Cyber Threat Intelligence Mining for Proactive Cybersecurity Defense: A Survey and New Perspectives.

Today's cyber attacks have become more severe and frequent, which calls for a new line of security defenses to protect against them. The dynamic nature of new-generation threats, which are evasive, resilient, and complex, makes traditional security systems based on heuristics and signatures struggle to match. Organizations aim to gather and share real-time cyber threat information and then turn it into threat intelligence for preventing attacks or, at the very least, responding quickly in a proactive manner. Cyber Threat Intelligence (CTI) mining, which uncovers, processes, and analyzes valuable information about cyber threats, is booming. However, most organizations today mainly focus on basic use cases, such as integrating threat data feeds with existing network and firewall systems, intrusion prevention systems, and Security Information and Event Management systems (SIEMs), without taking advantage of the insights that such new intelligence can deliver. In order to make the most of CTI so as to significantly strengthen security postures, we present a comprehensive review of recent research efforts on CTI mining from multiple data sources in this article.
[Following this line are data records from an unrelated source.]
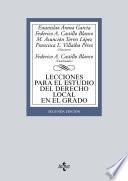 Lecciones para el estudio del derecho local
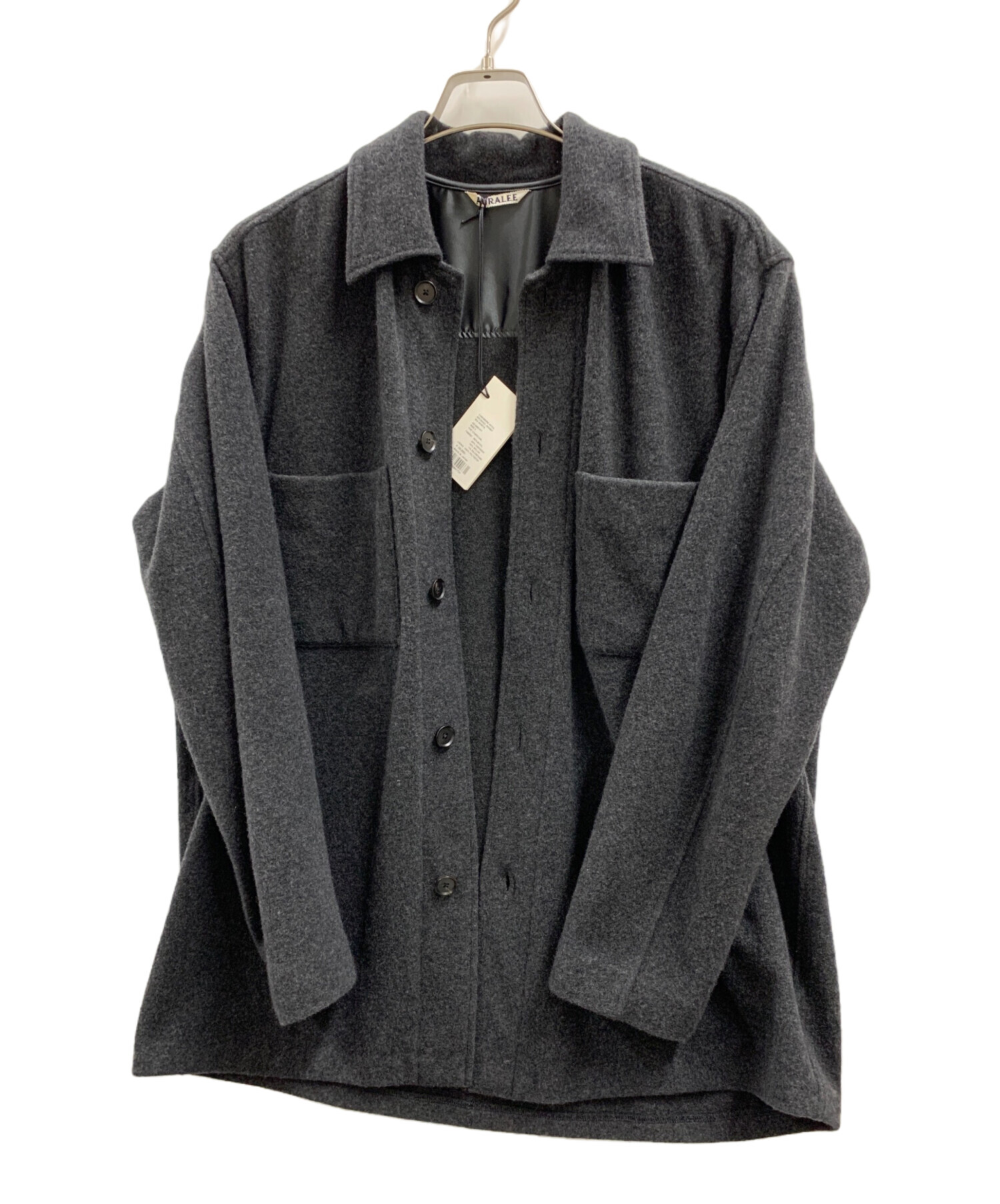 AURALEE (オーラリー) CASHMERE WOOL BRUSHED JERSEY BIG SHIRTS ブラック サイズ:3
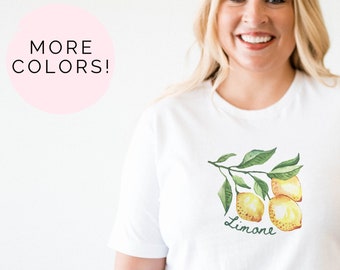 Maglietta al limone dell’acquerello, maglietta al limone, amante della frutta, maglietta alla frutta, maglietta grafica, maglietta al limone, regalo per lei, maglietta Boho, maglietta al limone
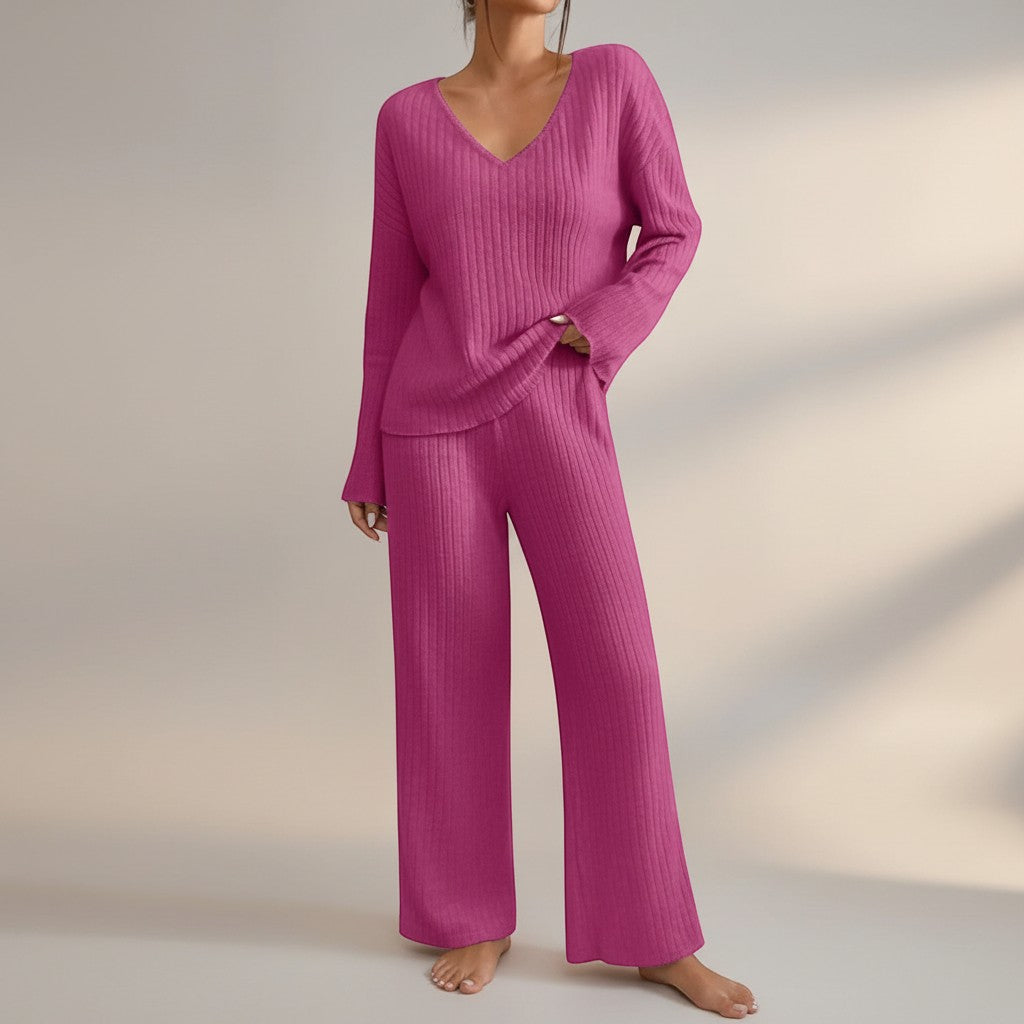 Silvorne women's fuchsia pink ribbed knit V-neck loungewear set with wide leg pants.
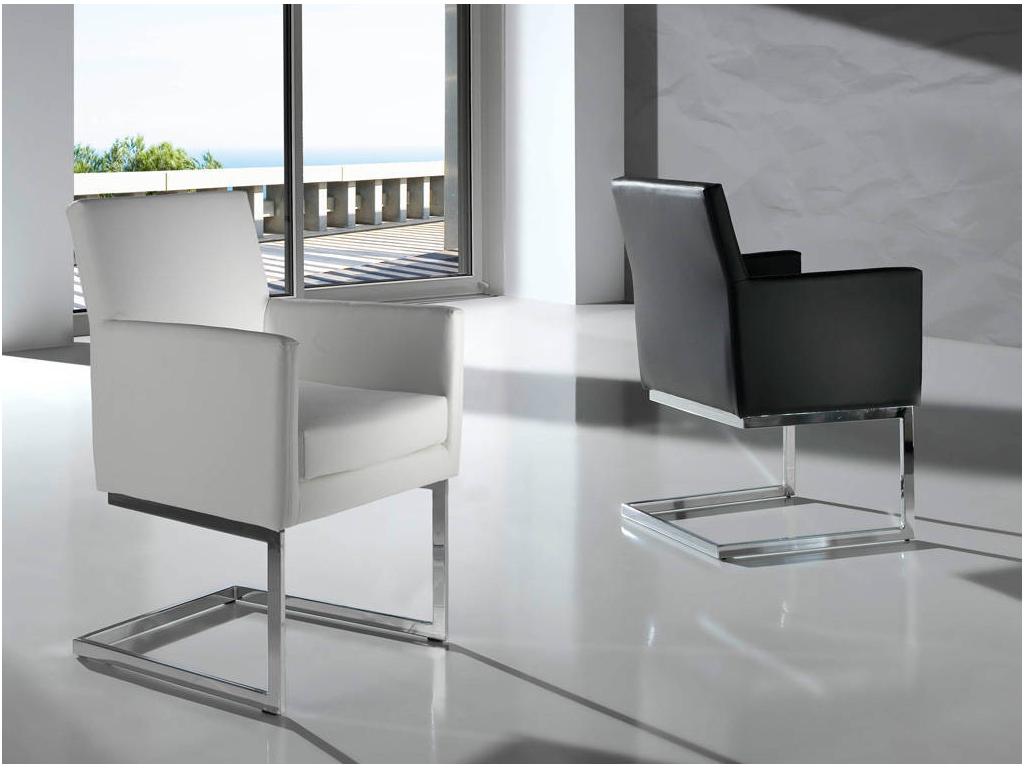 Fauteuil capitonné simili cuir et pieds acier chromé Body-Couleur Vertchez 25 Bordeaux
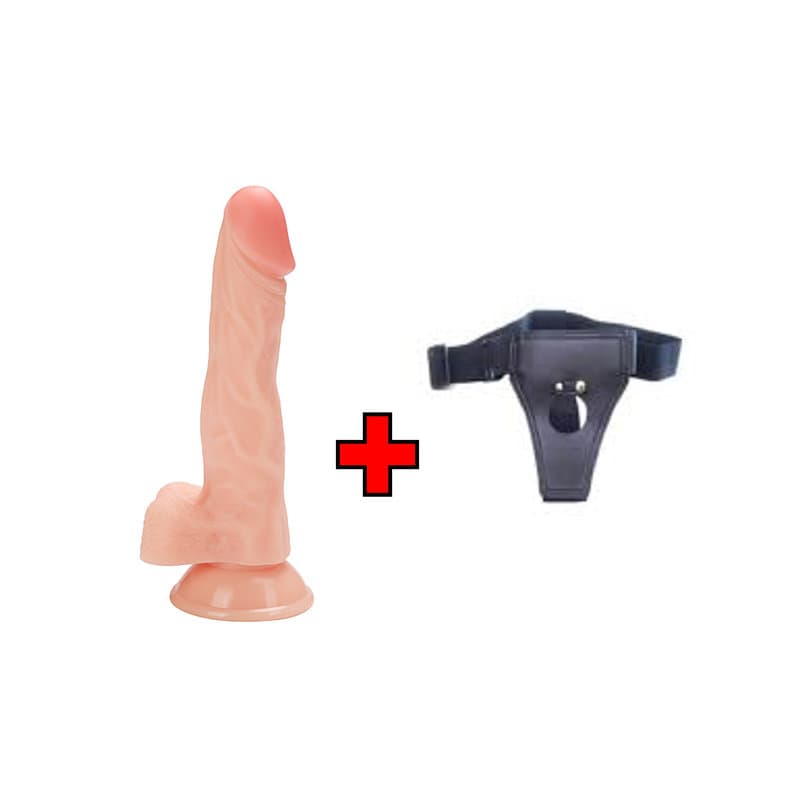20 Cm. Jaydon Ultra Gerçekçi Doku Vantuzlu Testisli – Belden Bağlamalı Kemerli – Dildo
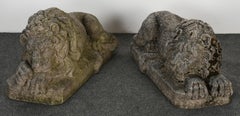 Pair of Cast Stone Recumbent Lions, 1960s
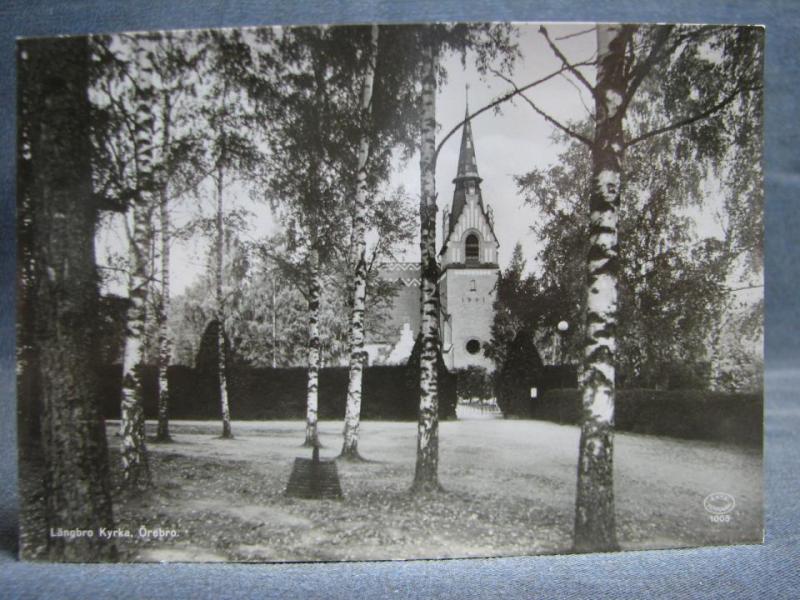 Vykort oskrivet Örebro Längbro kyrka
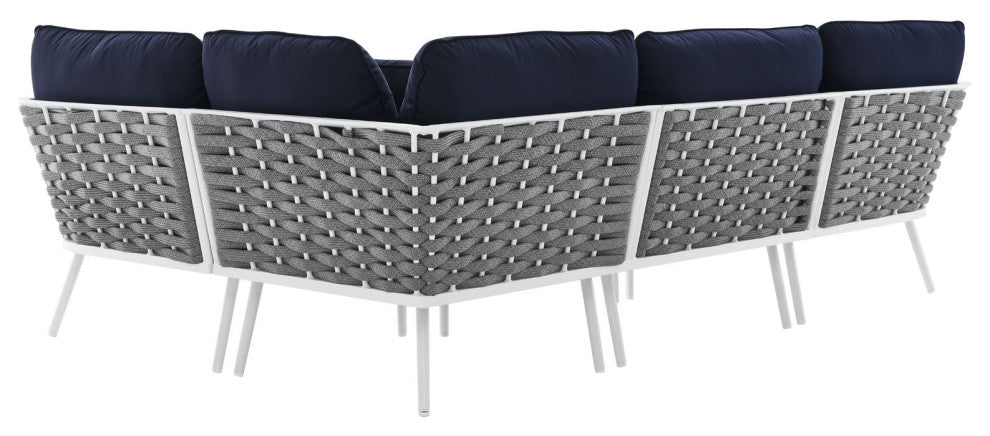 Outdoor Patio Aluminum Outdoor Patio Aluminum Large Sectional Sofa, White Navy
Specifically, we provide and devise a taxonomy to summarize the studies on CTI mining based on the intended purposes (i.e., cybersecurity-related entities and events, cyber attack tactics, techniques and procedures, profiles of hackers, indicators of compromise, vulnerability exploits and malware implementation, and threat hunting), along with a comprehensive review of the current state-of-the-art. Lastly, we discuss research challenges and possible future research directions for CTI mining.